Ryan meets me with a wary look, arms crossed over his chest, judging me, hard. “Gloves.” His lips curve into the smallest smirk I can barely tell is there.

“Huh?”

“Where are your gloves? You know how serious Coach is about showing up prepared with our equipment.”

“Shoot,” I mutter under my breath, mentally kicking myself for rushing out the house without my football bag.

I elect to leave most of the important stuff in my locker to avoid inevitable situations like these, but I forgot to take my gloves off at the facility yesterday.

I stuffed them in my bag when I jumped in my car.

Grabbing my unruly hair, I run my hands through repeatedly, trying to muster up a plan to play this off to Coach without drawing too much attention to myself this early in the season.

Ryan juts his chin out toward his locker with that cocky grin plastered across his face. “Check my locker.”

Busting open his locker, I’m greeted with extra socks, pads, tape, gloves, and Band-Aids.

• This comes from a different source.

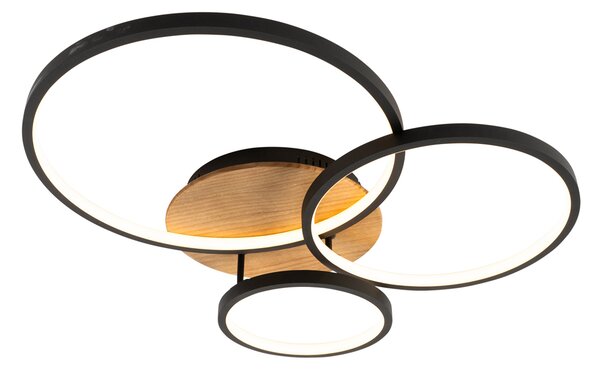 Plafoniera nera con legno incl. LED dimmerabile a 3 livelli 3 luci - Alec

I’ve never seen a locker stocked with extras of all the essentials a football player could need. I grab the gloves and turn to him, a questioning look in my eyes, and he nods in permission.

“Who is this prepared? Now that I know you’ve got the goods, I can sleep in later and later.”

“My preparedness saved you today, so watch the smart mouth.”

I laugh, quickly grab what I need, and we jog onto the field together just in time for Coach’s piercing whistle.

Ryan may act tough, but this proved what kind of person he is.

After our conversation at the tattoo shop, we understand each other better.

He harbors the same hurt in his eyes that are reflected in mine.

He could have easily walked past me, writing me off as a screw-up who doesn’t take college ball seriously.

Instead, he helped me, and something tells me his past isn’t as polished as his present.

After practice wrapped and I basked in a long, hot shower, I’m still wired.

Practice helps the physical adrenaline that I experience on a daily basis, but not so much the mental.

Sauntering to Ryan in a towel wrapped around my waist, I pat him on the shoulder and he greets me with the same annoyed look he always does.

“We’re going out tonight,” I say to Ryan as my way of thanking him for what he did earlier.

He shakes his head back and forth, slings his equipment bag over one shoulder, and begins to leave.

But before he can, I stop him. “Wait. It’s Friday, and we don’t have practice tomorrow.

” I pat his shoulder and run through a mental list of reasons he should come out to decide which one would work the best. “I heard some of the older guys say Downtown Tap is laxed on carding.”

“I don’t drink in bars,” he mumbles under his breath.

“Looks like I have a built-in designated driver.” My laugh vibrates through the almost-empty locker room, but the joke didn’t land.

“Are you done?” He cracks his neck side-to-side and grips the strap of his bag tighter.

“Look, what you did for me earlier proves you don’t hate me as much as you’d like me to think,” I admit.

Why can’t I just say thank you and move on?

“My. . .uhh. . . ADHD gets the best of me sometimes.” Grabbing the back of my neck with one hand, I squeeze the muscles, lowering my eyes to the cement floor.

As if my admission unlocks an internal understanding within him, Ryan says, “One night.” He sticks the number one up to my face. “I won’t make this a habit.”

“Meet me at my apartment at ten. I’ll text you the address.

” I squeeze past him, throw on a t-shirt and shorts, and try to leave the locker room, but before I do, I add, “Leave your ego at the door. You’re about to witness the Hartley Knox experience.

” His eyes roll to the back of his head before I sprint out to the car, eager for my first night out as a college football star.